Segment Open

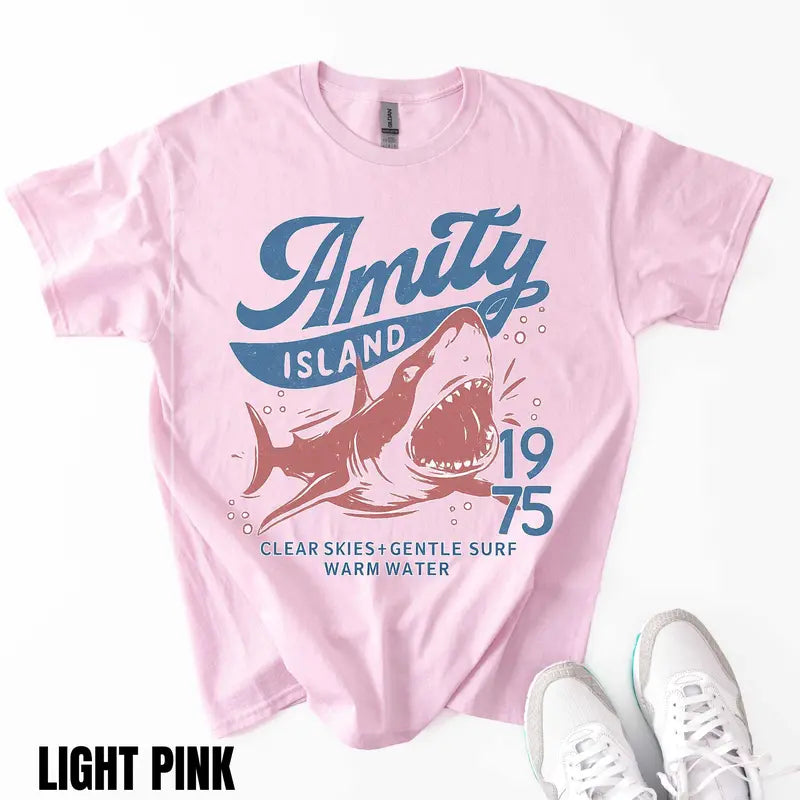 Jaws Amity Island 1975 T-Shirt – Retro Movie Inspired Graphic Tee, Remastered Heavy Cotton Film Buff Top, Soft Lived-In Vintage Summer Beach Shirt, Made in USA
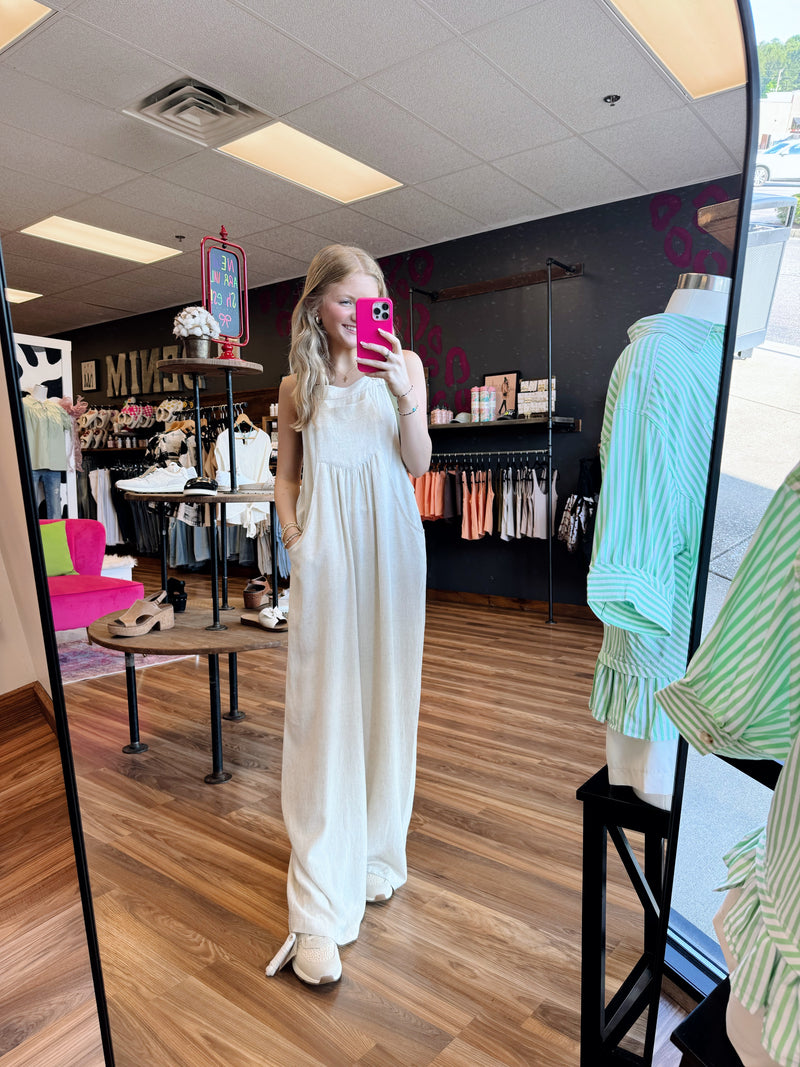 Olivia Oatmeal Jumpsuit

Segment Closed
Segment Open

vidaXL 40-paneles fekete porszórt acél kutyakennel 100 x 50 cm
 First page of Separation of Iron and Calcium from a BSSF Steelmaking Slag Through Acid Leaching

Segment Closed

**WORK REQUIRED**
Taking the listing above as the source, transcribe only the lines starting at the line with "vidaXL 40-paneles fekete" and going through the line with "First page of", unaltered and with both ends included.

**EXERCISE ANSWER**
vidaXL 40-paneles fekete porszórt acél kutyakennel 100 x 50 cm
 First page of Separation of Iron and Calcium from a BSSF Steelmaking Slag Through Acid Leaching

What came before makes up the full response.